### Data below:
::::
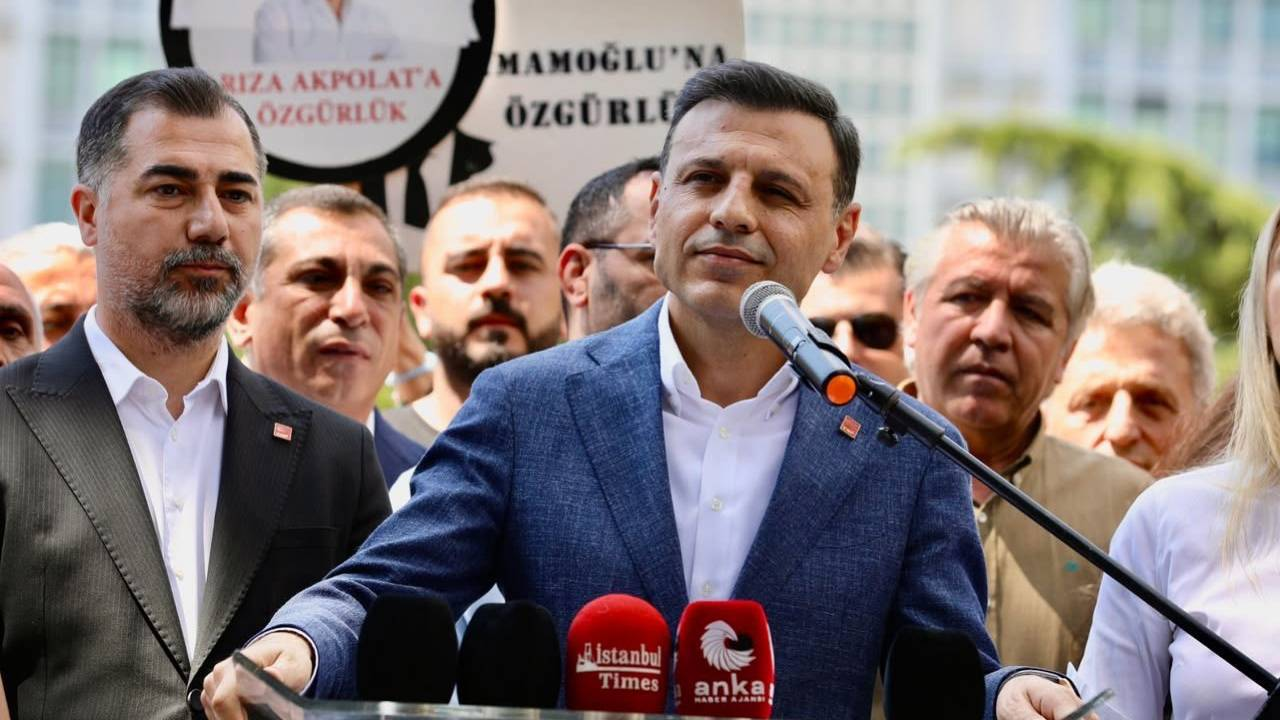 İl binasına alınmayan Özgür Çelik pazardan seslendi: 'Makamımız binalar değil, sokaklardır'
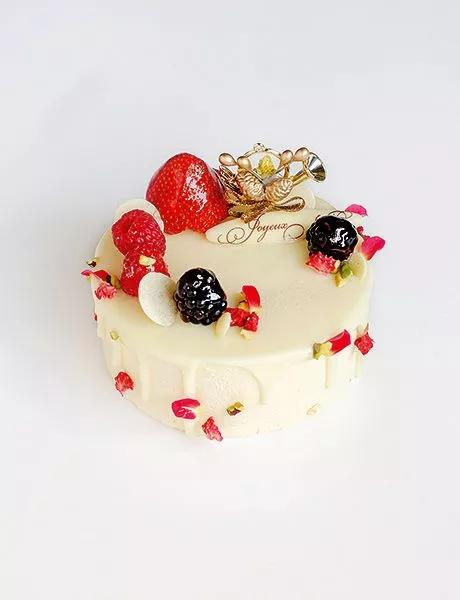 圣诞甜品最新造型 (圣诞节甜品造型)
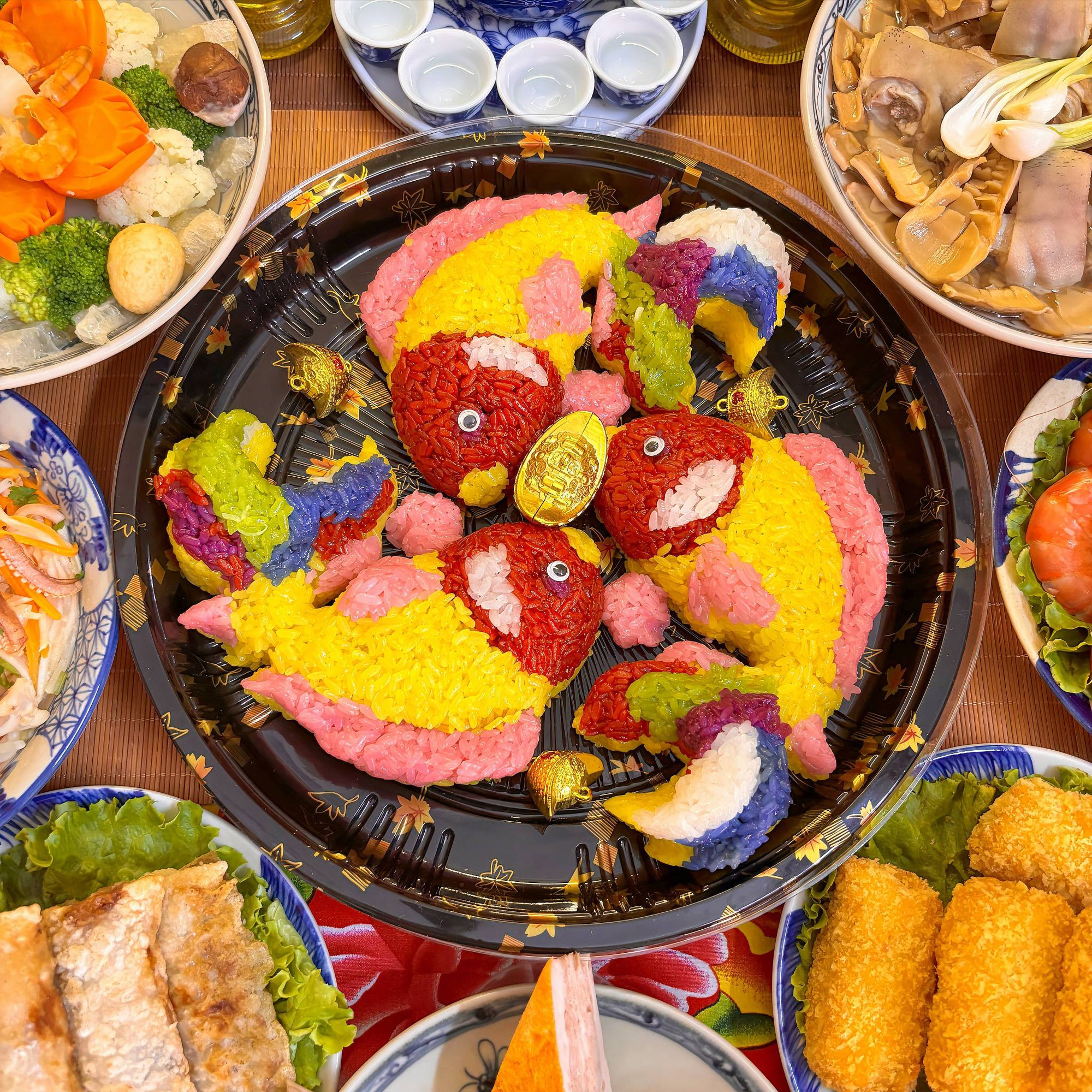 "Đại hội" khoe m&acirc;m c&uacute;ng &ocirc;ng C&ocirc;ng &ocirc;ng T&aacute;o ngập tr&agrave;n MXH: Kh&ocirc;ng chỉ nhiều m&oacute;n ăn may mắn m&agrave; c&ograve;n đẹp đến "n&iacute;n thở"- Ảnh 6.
::::
### Prompt:
Restate every line of the data above word for word, with the images removed.

### Completed task:
 İl binasına alınmayan Özgür Çelik pazardan seslendi: 'Makamımız binalar değil, sokaklardır'
 圣诞甜品最新造型 (圣诞节甜品造型)
 "Đại hội" khoe m&acirc;m c&uacute;ng &ocirc;ng C&ocirc;ng &ocirc;ng T&aacute;o ngập tr&agrave;n MXH: Kh&ocirc;ng chỉ nhiều m&oacute;n ăn may mắn m&agrave; c&ograve;n đẹp đến "n&iacute;n thở"- Ảnh 6.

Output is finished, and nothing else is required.